“Todo aquello que bulle y hormiguea y gira, es bueno”.
Fritz Zorn, Bajo el signo de Marte

martes, 4 de enero de 2011

Del vino, Tiziano y otros prodigios

Que el vino es, junto con la cerveza y el whisky, una de las bebidas más maravillosas que uno pueda echarse al coleto es algo que nadie en su sano paladar puede poner en duda, y sobre todo si es de calidad. Si lo era o no el que tomaban los antiguos es algo que aventuro que nunca podremos saber al menos con total seguridad, pero sí debía de serlo a tenor de lo que Filóstrato el Viejo, un escritor del siglo III d. C., afirma de sus propiedades: “hace a los hombres ricos, dominantes en la asamblea, dadivosos con los amigos, guapos y, si son bajos, de cuatro codos de altura”, para añadir después que “cuando uno ha bebido hasta hartarse, puede reunir todas estas cualidades y apropiárselas mentalmente”. Uno querría hacerse también con ellas, por decirlo así, físicamente, pero los griegos bebían unos caldos tan fuertes ―aunque los diluían con agua o miel― que bastaban unas pocas copas para quedar al borde del delirio, ese estado casi febril en que uno deja de lado justo lo que nunca debe olvidar: su cuerpo.
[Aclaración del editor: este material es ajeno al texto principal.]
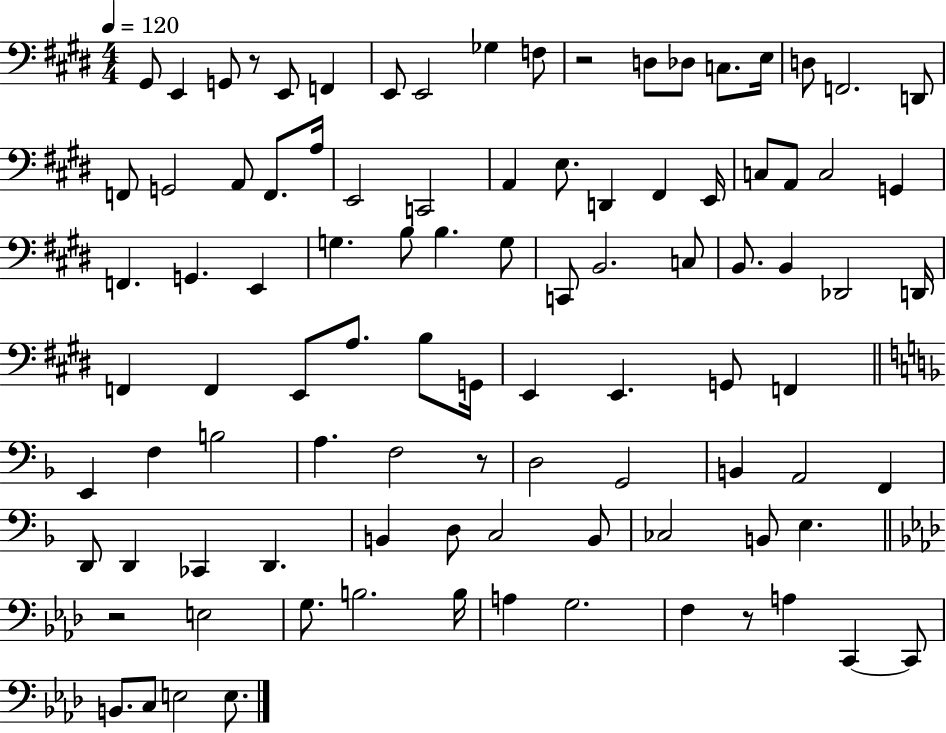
{
  \clef bass
  \numericTimeSignature
  \time 4/4
  \key e \major
  \tempo 4 = 120
  gis,8 e,4 g,8 r8 e,8 f,4 | e,8 e,2 ges4 f8 | r2 d8 des8 c8. e16 | d8 f,2. d,8 | \break f,8 g,2 a,8 f,8. a16 | e,2 c,2 | a,4 e8. d,4 fis,4 e,16 | c8 a,8 c2 g,4 | \break f,4. g,4. e,4 | g4. b8 b4. g8 | c,8 b,2. c8 | b,8. b,4 des,2 d,16 | \break f,4 f,4 e,8 a8. b8 g,16 | e,4 e,4. g,8 f,4 | \bar "||" \break \key d \minor e,4 f4 b2 | a4. f2 r8 | d2 g,2 | b,4 a,2 f,4 | \break d,8 d,4 ces,4 d,4. | b,4 d8 c2 b,8 | ces2 b,8 e4. | \bar "||" \break \key aes \major r2 e2 | g8. b2. b16 | a4 g2. | f4 r8 a4 c,4~~ c,8 | \break b,8. c8 e2 e8. | \bar "|."
}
Los antiguos conocían muy bien esa prodigiosa cualidad transformadora del vino, y por eso la atribuyeron también a Dioniso, el dios de la embriaguez divina y, por tanto, del vino mismo. Ante su presencia, el mundo cotidiano en que los hombres acostumbraban a convivir se transfiguraba, y un torrente de vida surgía de maternales profundidades.


Según se recoge en una leyenda antigua y ha contado después maravillosamente Walter F. Otto, todos los 5 de enero manaba vino en el templo de Dioniso de la isla de Andros, y seguía haciéndolo durante siete días consecutivos quizá porque sus habitantes eran los más fieles en el culto al dios. A Tiziano no debió de costarle gran esfuerzo imaginar cómo pudiera ser una celebración báquica en Andros pues, según cuenta su contemporáneo Francesco Priscianese, tenía un excelente gusto para los vinos. De hecho, La bacanal de los andrios fue el último cuadro que pintó, entre 1523 y 1526, para el llamado “camerino de alabastro” que Alfonso I d’Este, tercer duque de Ferrara, tenía en el corredor cubierto que unía el antiguo castillo de San Michele con el nuevo palacio ducal de la ciudad por encima del nivel de la calle. Sin lugar a dudas, el camerino era una de las estancias más bellas del Renacimiento, pues el programa decorativo que el duque había previsto para ese gabinete privado habría estado formado por una serie de cuadros realizados por pintores tan notables como Fra Bartolommeo, Giovanni Bellini, Dosso Dossi, Rafael y el propio Tiziano. Pero, por diversas circunstancias y casi todas luctuosas, resultó del todo imposible culminarlo según el proyecto inicial.

Como el resto de pintores, Tiziano tuvo que atenerse a un preciso programa iconográfico cuyo significado, sin embargo, aún no se ha aclarado con éxito y unanimidad. En este caso en particular, el pintor se ciñó a lo narrado por el propio Filóstrato en un pasaje de sus Imágenes en que describe un cuadro antiguo que representaba la llegada de Dioniso a la isla de Andros, donde lo aguardaban, ebrios de vino, sus habitantes. Enlazando las diversas posturas e incluso superponiendo unas figuras con otras, Tiziano elaboró una composición compleja para, al fin y al cabo, traducir en puro ornamento las emociones internas de los distintos personajes de la obra. Durante el festín previo a la llegada del dios, los andrios se entregan a los placeres de la bebida, al movimiento acompasado de la danza, a la repetición monótona pero gustosa de la música pastoril y a los devaneos amorosos. Parece como si el único objetivo del artista hubiera sido trasladar ese sentimiento de alegre indolencia a su comitente, el duque de Ferrara. Alejado de los afanes del mundo, retirado en la soledad de su estudio y rodeado por unas cuantas bellísimas pinturas que celebraban el poder fascinante del vino, del amor y de la música, Alfonso podría recordar o incluso quizá volver a leer aquellos versos en que Horacio se preguntaba: “¿A quién no hicieron hablar las copas colmadas, a quién no aliviaron en su estrecha pobreza?”.